**Data**
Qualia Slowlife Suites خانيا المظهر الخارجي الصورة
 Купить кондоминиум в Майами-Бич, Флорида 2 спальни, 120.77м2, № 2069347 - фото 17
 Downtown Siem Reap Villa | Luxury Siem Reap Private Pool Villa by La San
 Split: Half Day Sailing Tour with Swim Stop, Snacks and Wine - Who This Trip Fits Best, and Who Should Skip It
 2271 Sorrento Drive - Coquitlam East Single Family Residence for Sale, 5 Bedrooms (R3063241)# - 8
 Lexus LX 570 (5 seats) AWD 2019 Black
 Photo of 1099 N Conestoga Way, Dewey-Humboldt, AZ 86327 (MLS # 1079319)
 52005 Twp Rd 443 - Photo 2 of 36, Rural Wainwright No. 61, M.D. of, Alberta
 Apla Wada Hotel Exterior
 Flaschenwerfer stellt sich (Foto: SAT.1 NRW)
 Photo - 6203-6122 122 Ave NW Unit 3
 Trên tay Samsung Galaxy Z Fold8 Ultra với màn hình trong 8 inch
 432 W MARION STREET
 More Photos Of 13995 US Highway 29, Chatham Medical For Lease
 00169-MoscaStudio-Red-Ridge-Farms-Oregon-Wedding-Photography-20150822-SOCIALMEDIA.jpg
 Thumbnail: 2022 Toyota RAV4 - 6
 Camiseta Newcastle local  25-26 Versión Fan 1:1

**What is expected**
Every line above from the line with "Downtown Siem Reap" to the line with "Split: Half Day", inclusive, must be returned exactly; no other line belongs in the reply.

**Output of the exercise**
 Downtown Siem Reap Villa | Luxury Siem Reap Private Pool Villa by La San
 Split: Half Day Sailing Tour with Swim Stop, Snacks and Wine - Who This Trip Fits Best, and Who Should Skip It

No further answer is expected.